SUPPLIED INFORMATION Block Start

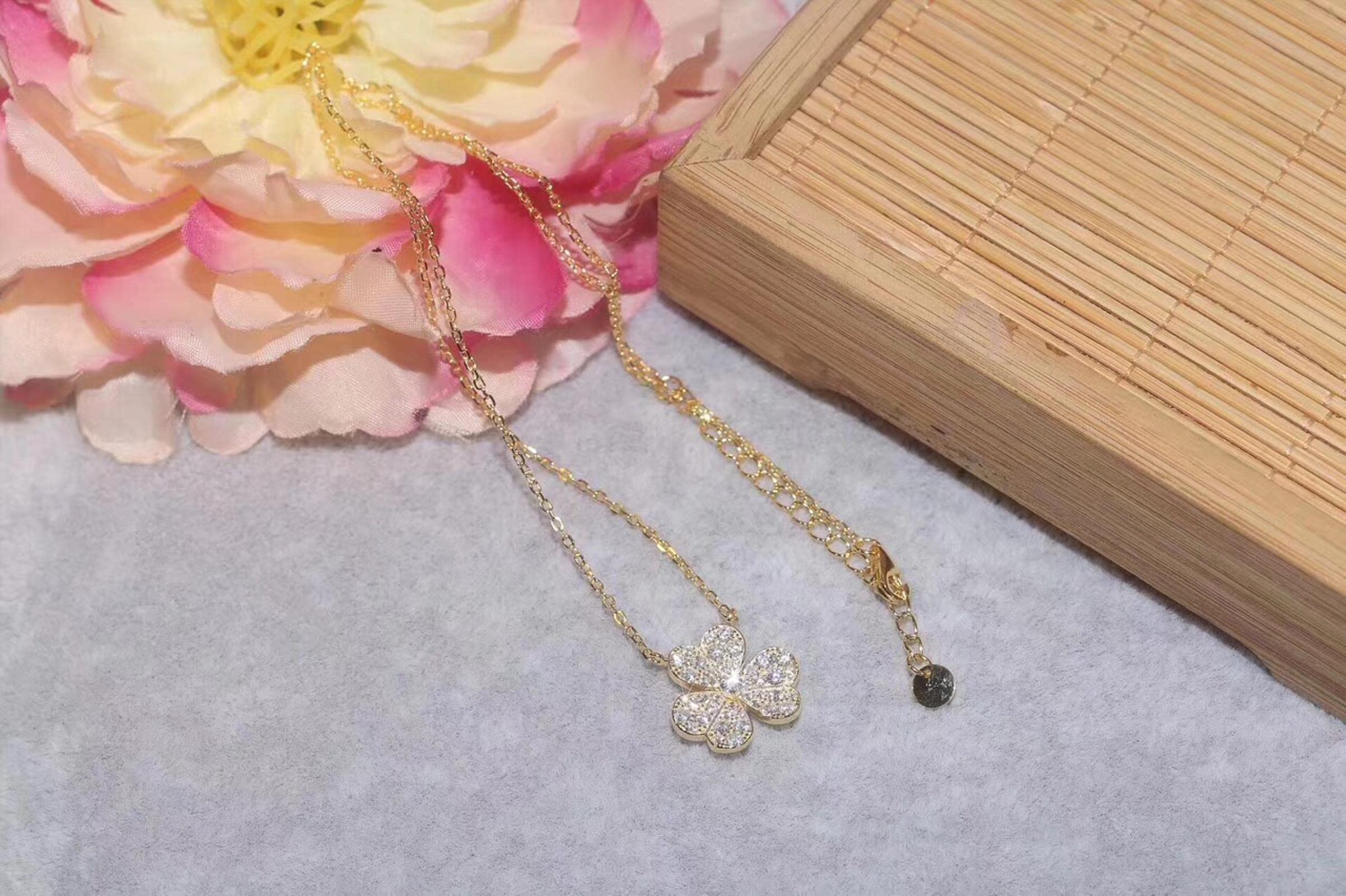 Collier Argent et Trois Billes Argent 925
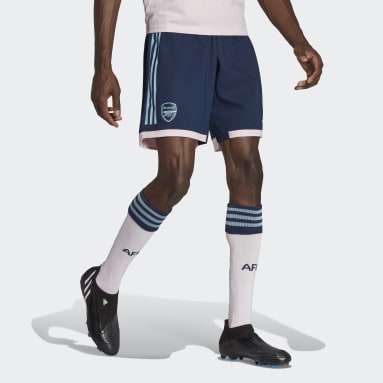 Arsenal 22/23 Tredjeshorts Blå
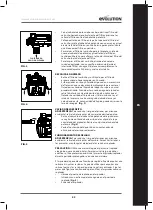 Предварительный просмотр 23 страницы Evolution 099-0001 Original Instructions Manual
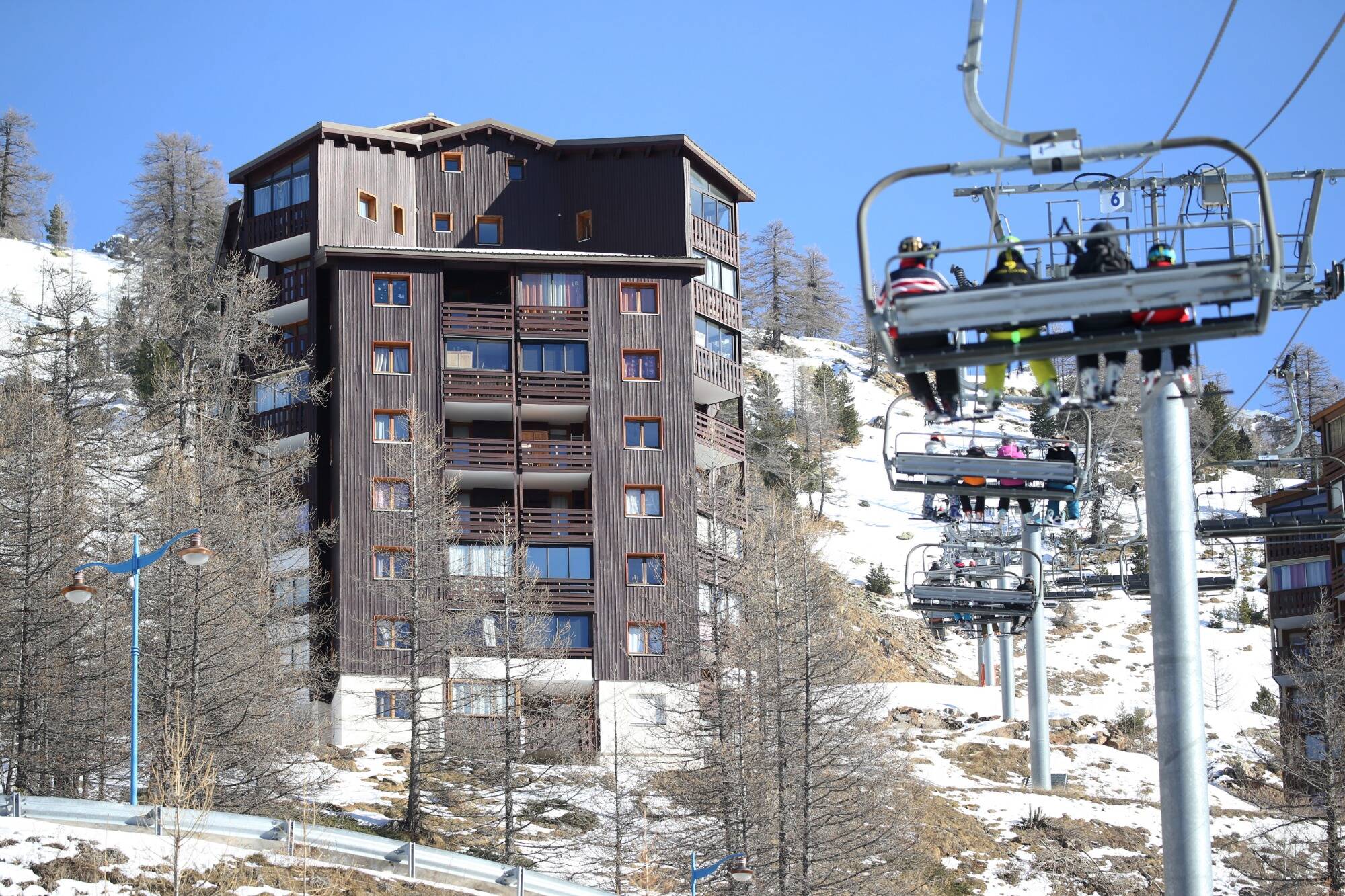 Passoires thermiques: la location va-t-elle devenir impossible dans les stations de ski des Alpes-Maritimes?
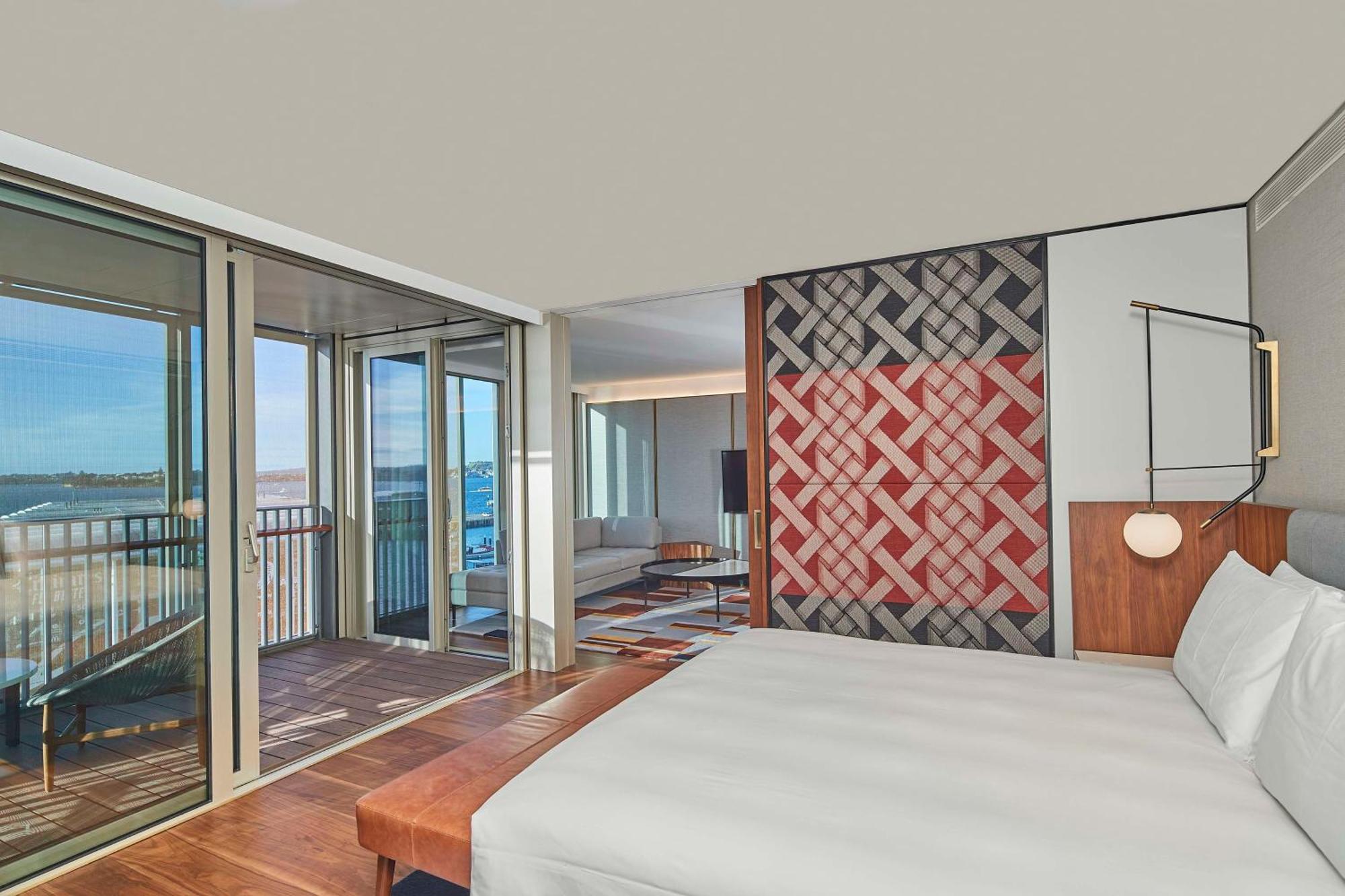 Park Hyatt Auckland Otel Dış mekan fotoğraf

SUPPLIED INFORMATION Block End

● WHAT YOU WILL DO
Repeat every entry exactly, but leave out the pictures.

● ANSWER BELOW
 Collier Argent et Trois Billes Argent 925
 Arsenal 22/23 Tredjeshorts Blå
 Предварительный просмотр 23 страницы Evolution 099-0001 Original Instructions Manual
 Passoires thermiques: la location va-t-elle devenir impossible dans les stations de ski des Alpes-Maritimes?
 Park Hyatt Auckland Otel Dış mekan fotoğraf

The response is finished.